Problem details
For the records below, please print exactly and only the lines from the one with "錘子科技關聯公司再成被執行人，面臨58萬執行標的" down to the one with "box per la spedizione di angurie e cocomeri", both ends included, omitting the pictures.

Given data
= = =
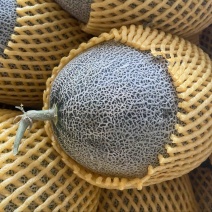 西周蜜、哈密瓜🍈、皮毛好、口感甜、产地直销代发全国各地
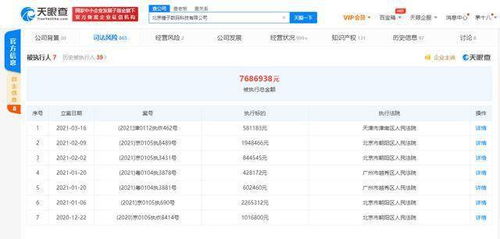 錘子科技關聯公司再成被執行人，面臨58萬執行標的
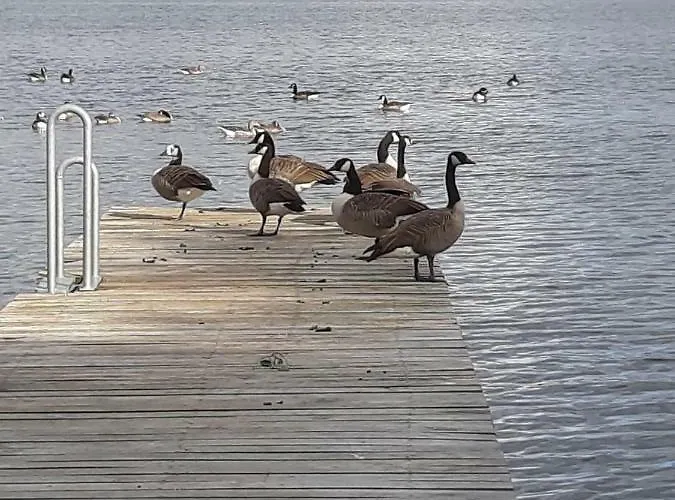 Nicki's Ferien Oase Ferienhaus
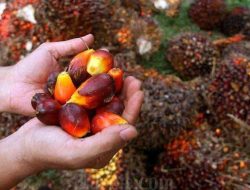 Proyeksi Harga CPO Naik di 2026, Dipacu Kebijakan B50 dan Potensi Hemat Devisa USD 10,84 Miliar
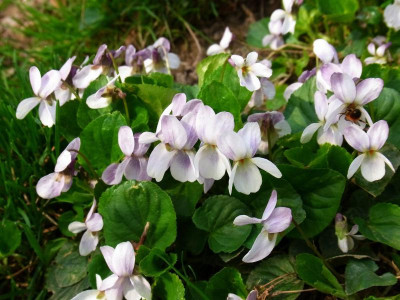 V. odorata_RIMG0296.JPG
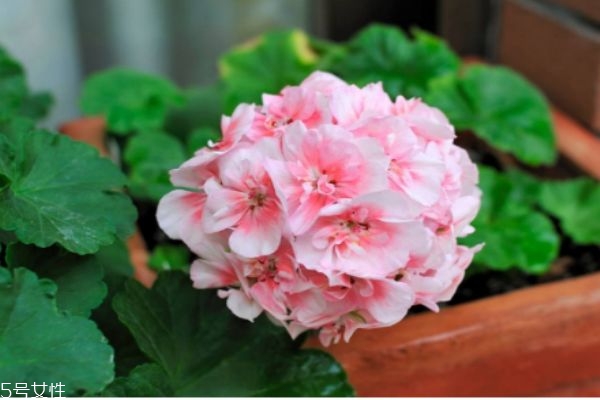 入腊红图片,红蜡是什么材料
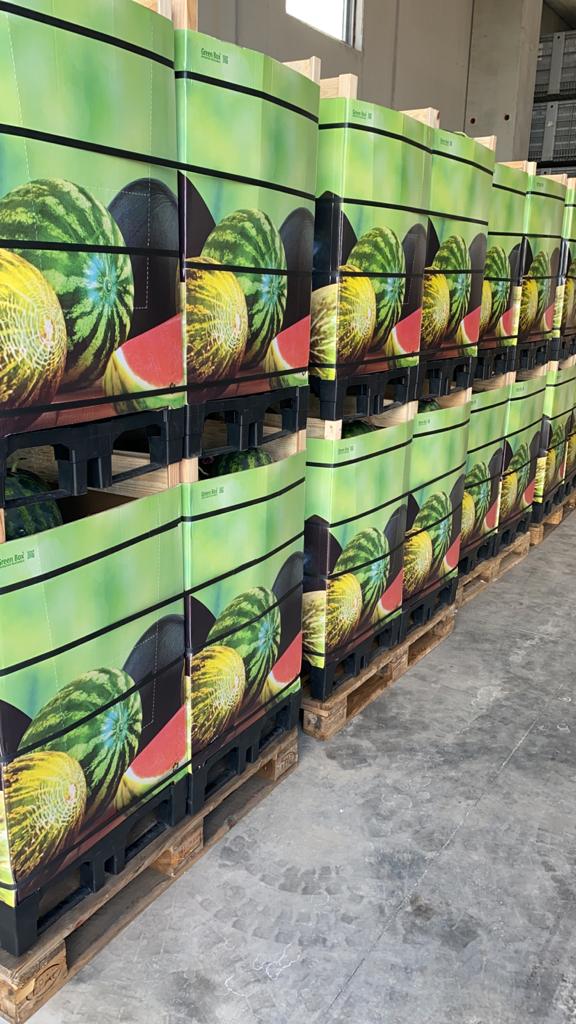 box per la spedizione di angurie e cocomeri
= = =
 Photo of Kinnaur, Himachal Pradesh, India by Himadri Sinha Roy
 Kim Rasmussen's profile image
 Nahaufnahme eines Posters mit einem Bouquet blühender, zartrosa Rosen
= = =
Solution to the exercise
 錘子科技關聯公司再成被執行人，面臨58萬執行標的
 Nicki's Ferien Oase Ferienhaus
 Proyeksi Harga CPO Naik di 2026, Dipacu Kebijakan B50 dan Potensi Hemat Devisa USD 10,84 Miliar
 V. odorata_RIMG0296.JPG
 入腊红图片,红蜡是什么材料
 box per la spedizione di angurie e cocomeri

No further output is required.